Work task: Go through the listing below and retype exactly the lines starting at the one with "Striped Kids set with Pumpkin Design" and ending at the one with "Skórzane botki na", skipping pictures.

Records shown:
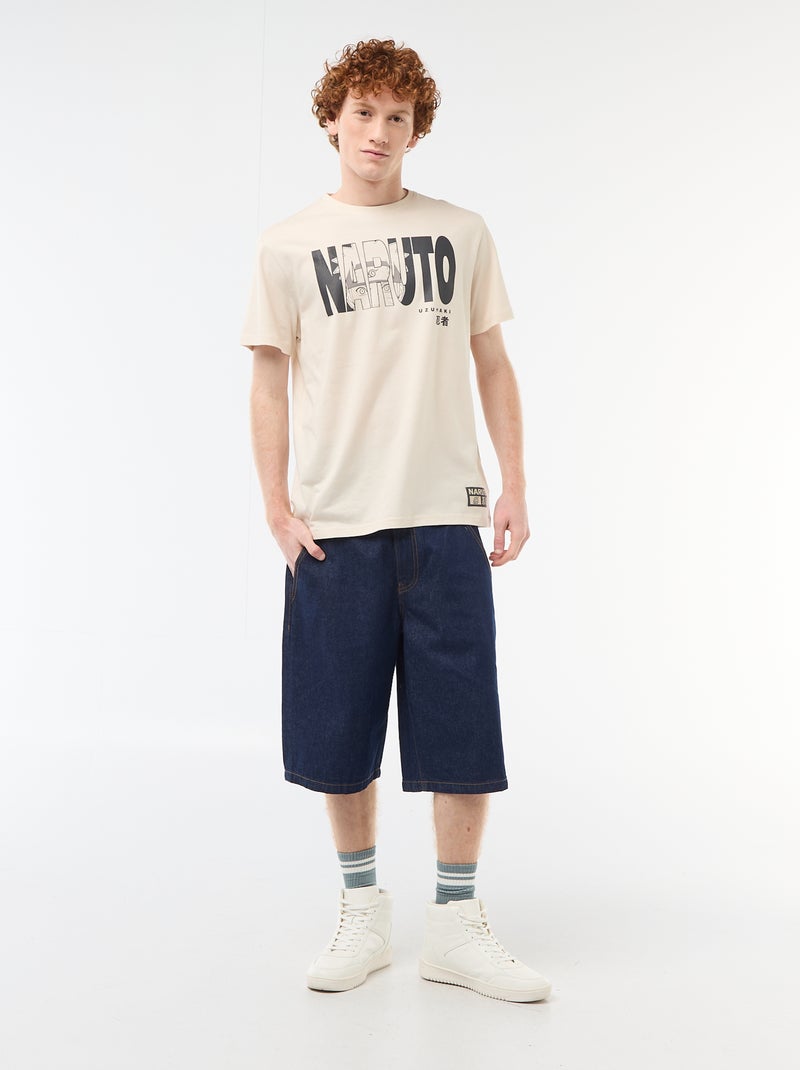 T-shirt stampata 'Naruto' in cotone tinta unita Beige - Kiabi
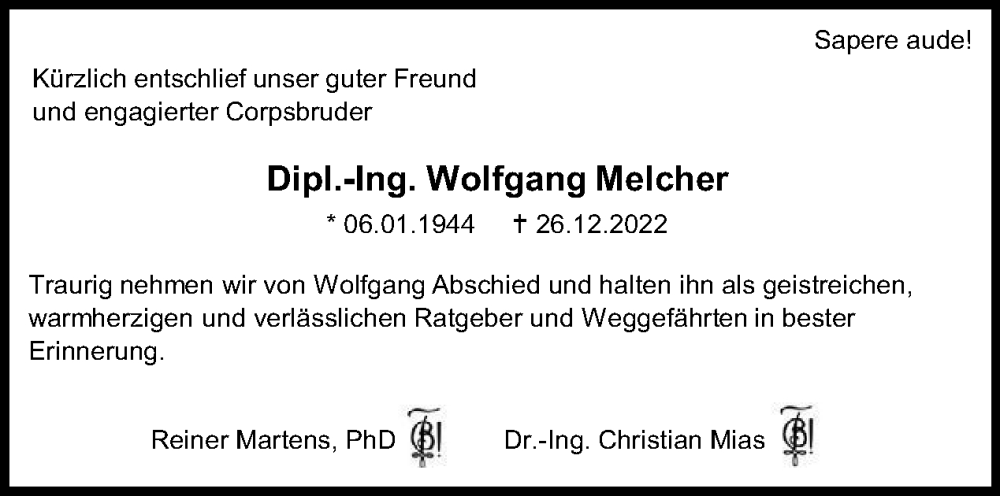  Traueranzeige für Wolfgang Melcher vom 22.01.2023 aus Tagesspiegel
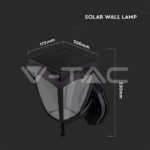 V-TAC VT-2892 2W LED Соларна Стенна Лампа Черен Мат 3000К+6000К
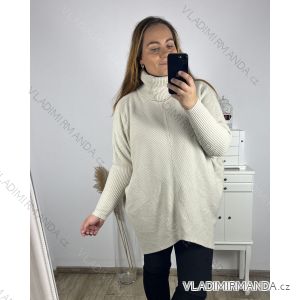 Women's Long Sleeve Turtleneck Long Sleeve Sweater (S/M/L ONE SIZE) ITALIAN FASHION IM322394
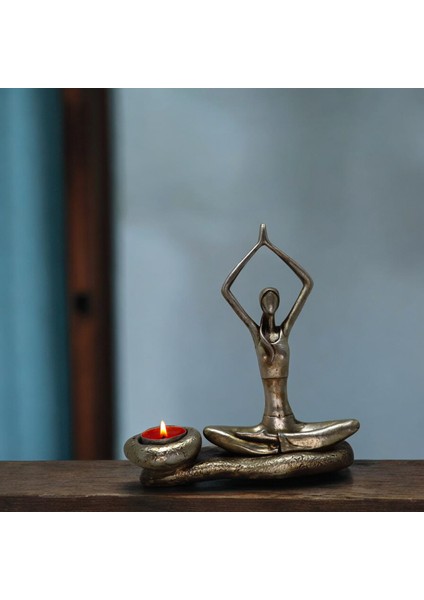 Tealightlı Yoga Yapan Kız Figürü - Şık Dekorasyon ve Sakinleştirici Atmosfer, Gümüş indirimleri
--
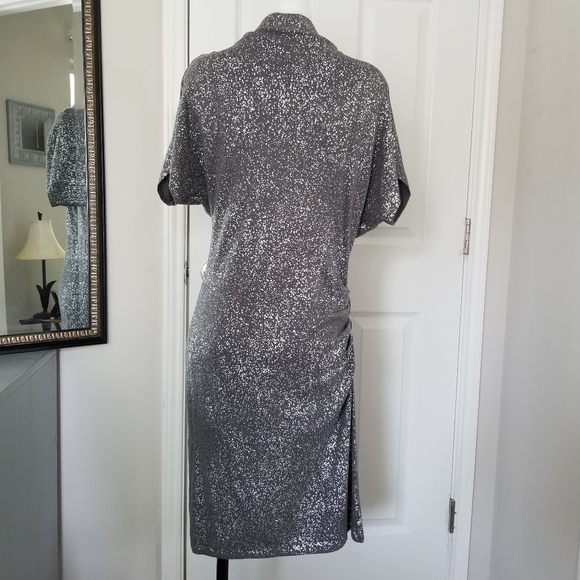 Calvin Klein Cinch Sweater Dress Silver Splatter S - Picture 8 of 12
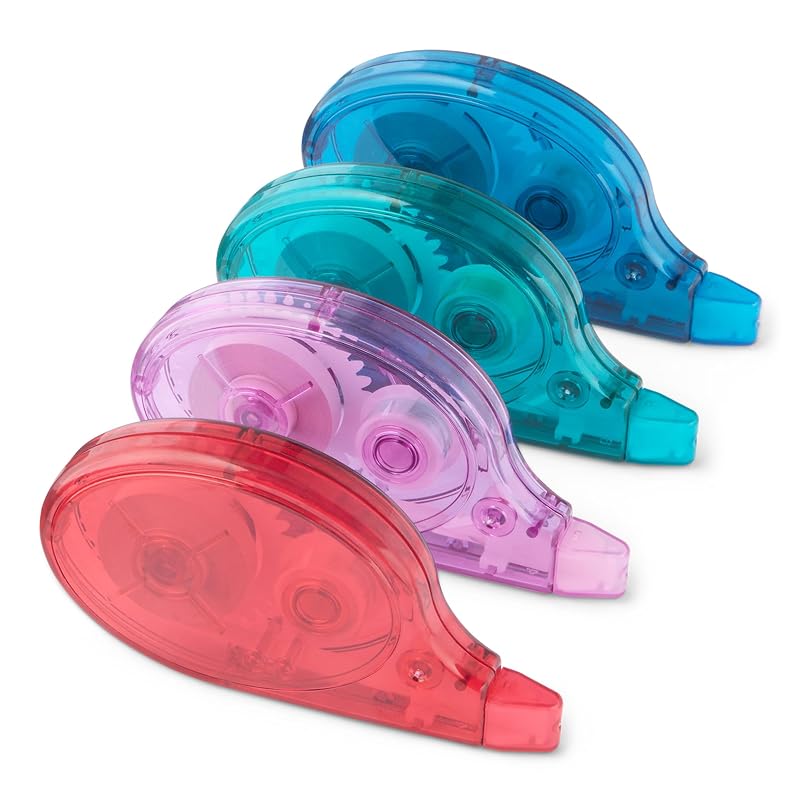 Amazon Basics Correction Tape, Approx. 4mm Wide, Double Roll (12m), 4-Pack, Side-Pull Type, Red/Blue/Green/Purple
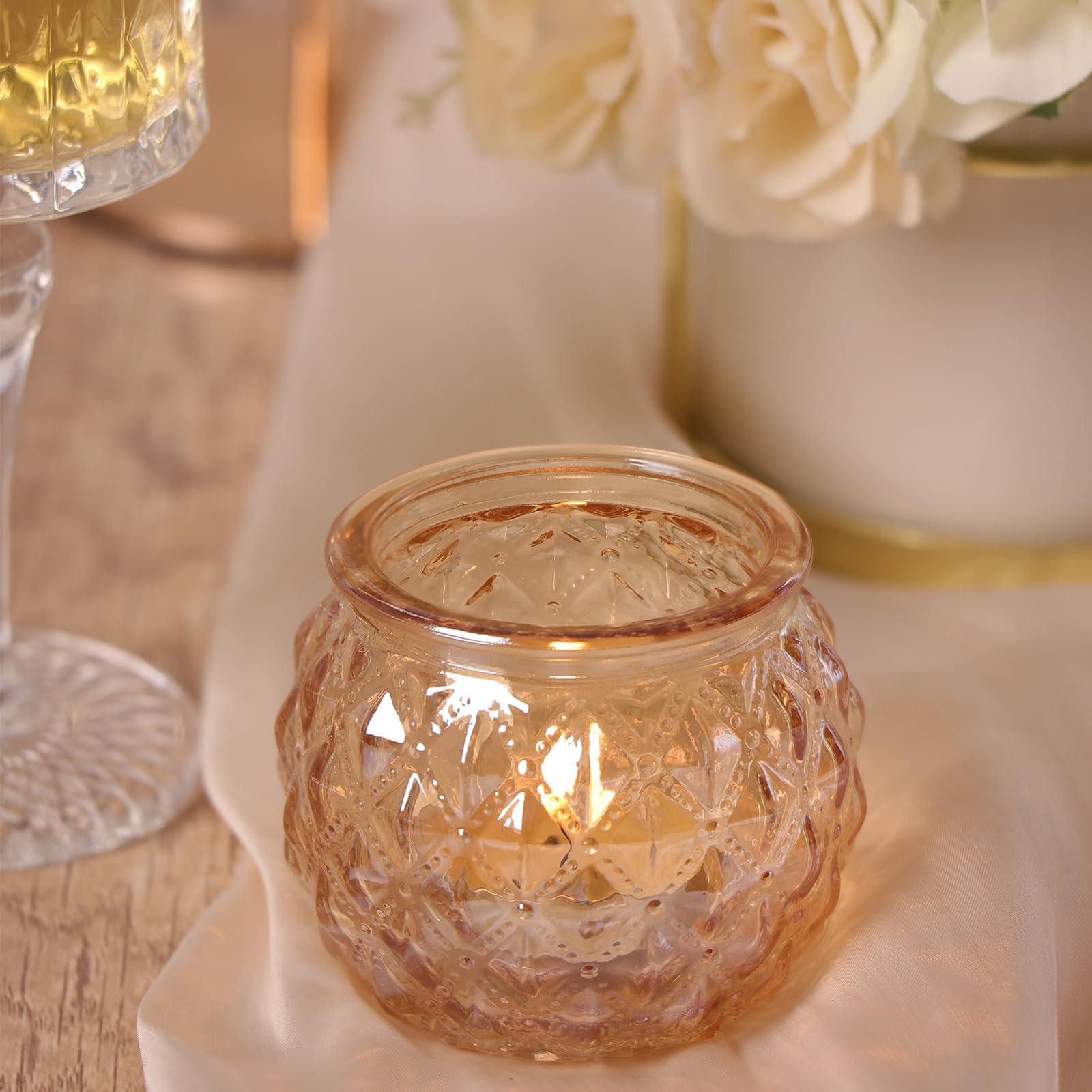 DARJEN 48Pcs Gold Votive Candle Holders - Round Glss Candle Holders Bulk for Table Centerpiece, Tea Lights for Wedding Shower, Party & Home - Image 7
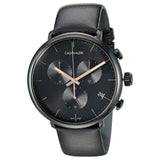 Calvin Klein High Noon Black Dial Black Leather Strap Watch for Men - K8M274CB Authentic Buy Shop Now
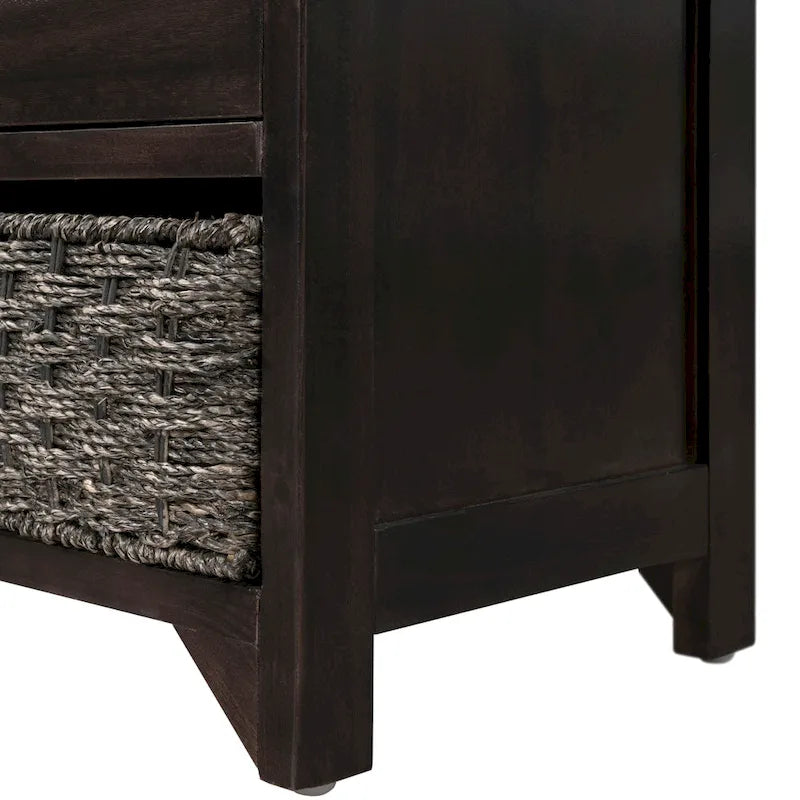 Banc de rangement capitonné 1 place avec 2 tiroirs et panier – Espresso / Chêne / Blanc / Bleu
* * *
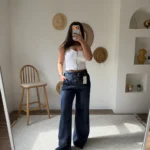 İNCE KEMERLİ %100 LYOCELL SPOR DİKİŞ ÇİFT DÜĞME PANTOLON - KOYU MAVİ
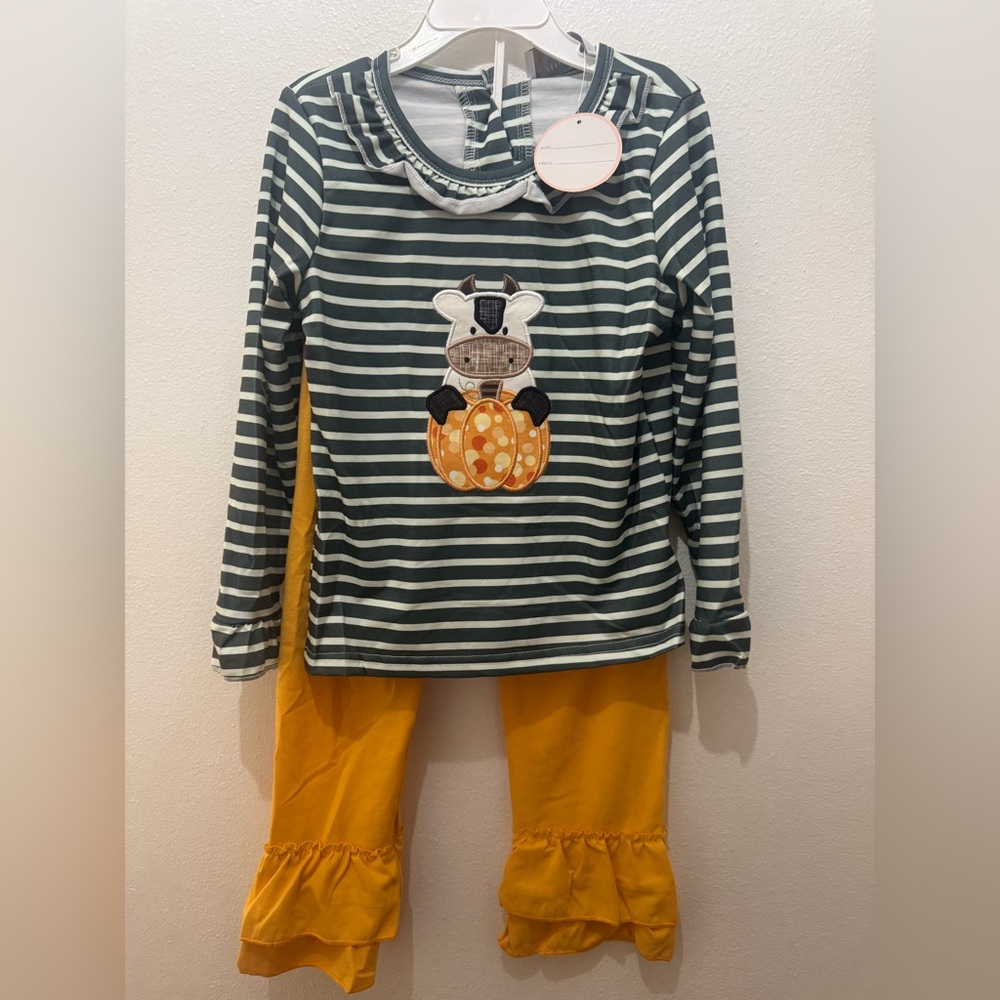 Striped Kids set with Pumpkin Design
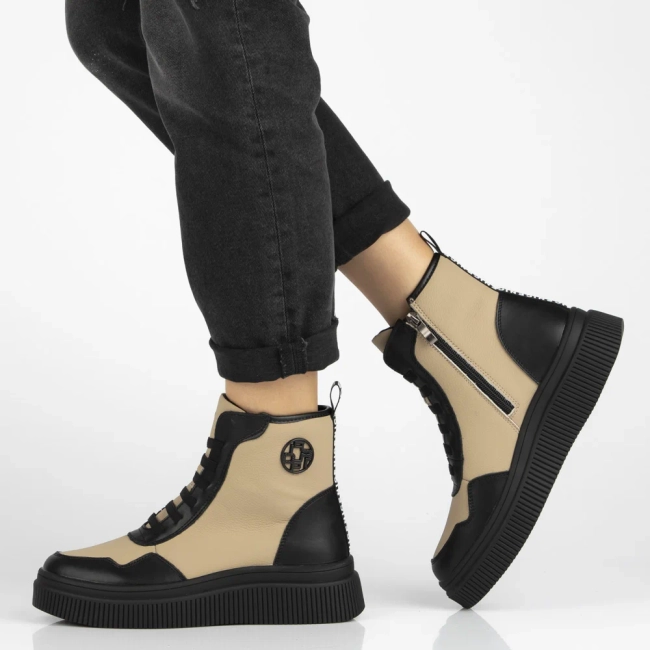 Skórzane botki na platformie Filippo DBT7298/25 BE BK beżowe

Result below:
 Striped Kids set with Pumpkin Design
 Skórzane botki na platformie Filippo DBT7298/25 BE BK beżowe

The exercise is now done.